Belki uzun mesele, kolay çözülebilir,
İyi niyet gerekli, sabır denenebilir…
Hem ahlaki bir konu, hem de İslâm’a uygun,
Basit bir tecrübeyle, olmalı biraz olgun…
Anlatmak istiyorum, fakat uzun sürecek,
Uzun şiir okunmaz, şahsım kısa kesecek…
İstersen hiç okuma, şahsım için önemli,
Mana arayacaksan, araman da gerekli…
Kirada otururum, ev sahibim üst katta,
Evim bahçeye bakar, birazcık zemin katta…

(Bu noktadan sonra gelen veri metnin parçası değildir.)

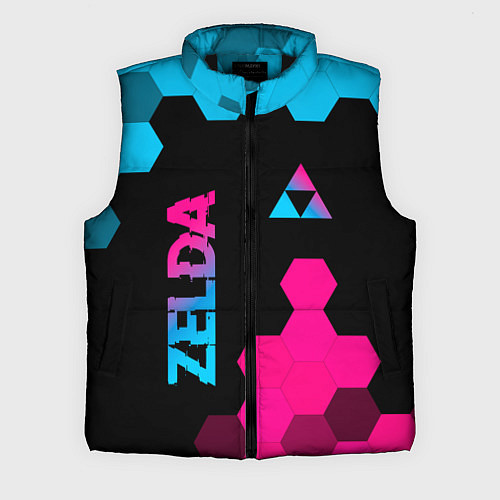 Мужской жилет Zelda - neon gradient: надпись, символ / 3D-Черный – фото 1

Bahçeye pek girilmez, özellikle ekilmiş,
Emekler harcanıyor, balkonumsa yönelmiş…
Bir de pencerem vardır, fakat astarla örttüm,
Dışarıya pek bakmam, bu şahsa ait görgüm…
Kedilerim gezinse, ev sahibim hiç kızmaz,
Bu yüzden barınırım, alınan da pek olmaz…
Asıl konum uydudur, uydu tek yöne bakar,
Montajı çok sağlamdır, ama büyük derdi var…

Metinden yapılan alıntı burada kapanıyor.